Queen Elizabeth II saw a lot during her record breaking 70-year reign. In her 96 years, Britain’s longest serving and longest living monarch oversaw great change, both high points and low points, was served by 15 British prime ministers and was head of state for 15 countries before she died.
One of the many ways which the Queen will be remembered is by her speeches. Here we’ll take a look at five of her most memorable addresses.
Her 21st birthday speech
Perhaps one of Elizabeth Mary Alexandra Windsor’s most famous speeches was this one delivered five years before she became queen. Princess Elizabeth addressed the Commonwealth of Nations from Cape Town, South Africa on 21st April 1947, her 21st birthday. In it she pledged to serve the people of the Commonwealth for her whole life “whether it be long or short”. She specifically referred to her generation who had grown up through the Second World War and their responsibility for “the long years of peace that we all hope stretch ahead”.
“I declare before you all that my whole life whether it be long or short shall be devoted to your service and the service of our great imperial family to which we all belong.”

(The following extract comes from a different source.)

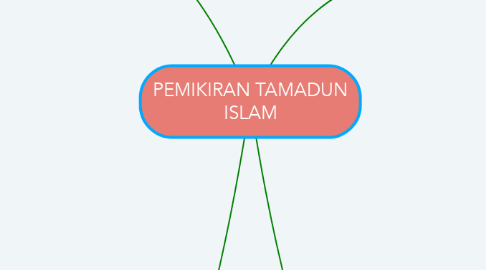 Mind Map: PEMIKIRAN TAMADUN ISLAM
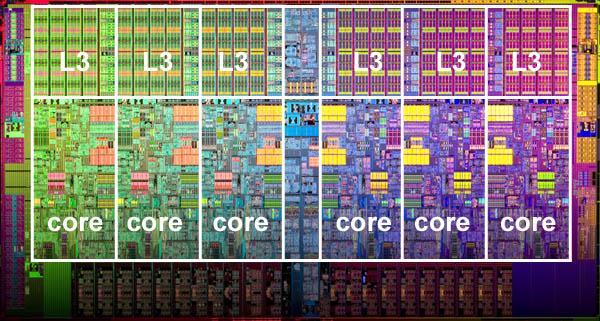 Intel Xeon processor with 6 cores and 6 L3 cache units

The Most Gracious Speech 1957
Her Majesty’s most familiar address of the year was of course the Royal Christmas Message, but the 1957 speech was especially notable for being the first to be televised. Speaking from Sandringham House, the Queen gave an appropriate message for the milestone: to stick to timeless values such as religion, morality, self restraint and honesty, even in times of change. Elizabeth also addressed her own role in people’s eyes, as well as hoping that the televised broadcast would make her “more personal and direct”.
“It’s inevitable that I may seem a rather remote figure to many of you, a successor to the kings and queens of history, someone whose face may be familiar in newspapers and films, but who never really touches your personal life.”
Fast forward 40 years and our next speech is memorable in a very different way. With the nation gripped in sadness and shock at the death of Lady Diana Spencer, and after a notable week’s silence, the Queen addressed the nation and paid tribute to the late Princess of Wales.
“First, I want to pay tribute to Diana myself. She was an exceptional and gifted human being. In good times and bad, she never lost her capacity to smile and laugh, nor to inspire others with her warmth and kindness.”
Covid-19 “We’ll meet again”
In April 2020, the Queen’s speech at the beginning of the pandemic and first lockdown called on people to follow the public health guidance and stay at home. It was watched by over 24 million people and was only her fifth special address since the beginning of her reign. She also took the opportunity to pay tribute to key workers.
“We should take comfort that while we may have more still to endure, better days will return. We will be with our friends again, we will be with our families again, we will meet again.”
COP 26 speech
The Queen’s last public address was fittingly on the future of the planet. Despite being unable to attend the Glasgow COP 26 climate summit in person, the Queen delivered a recorded message urging world leaders to “answer the call of future generations”. She also made reference to her late husband, Philip, Duke of Edinburgh, who took a keen interest in climate change. She concluded by wishing everyone “good fortune in this significant endeavour”.
“None of us underestimates the challenges ahead: but history has shown that when nations come together in common cause, there is always room for hope. Working side by side, we have the ability to solve the most insurmountable problems and to triumph over the greatest of adversities.”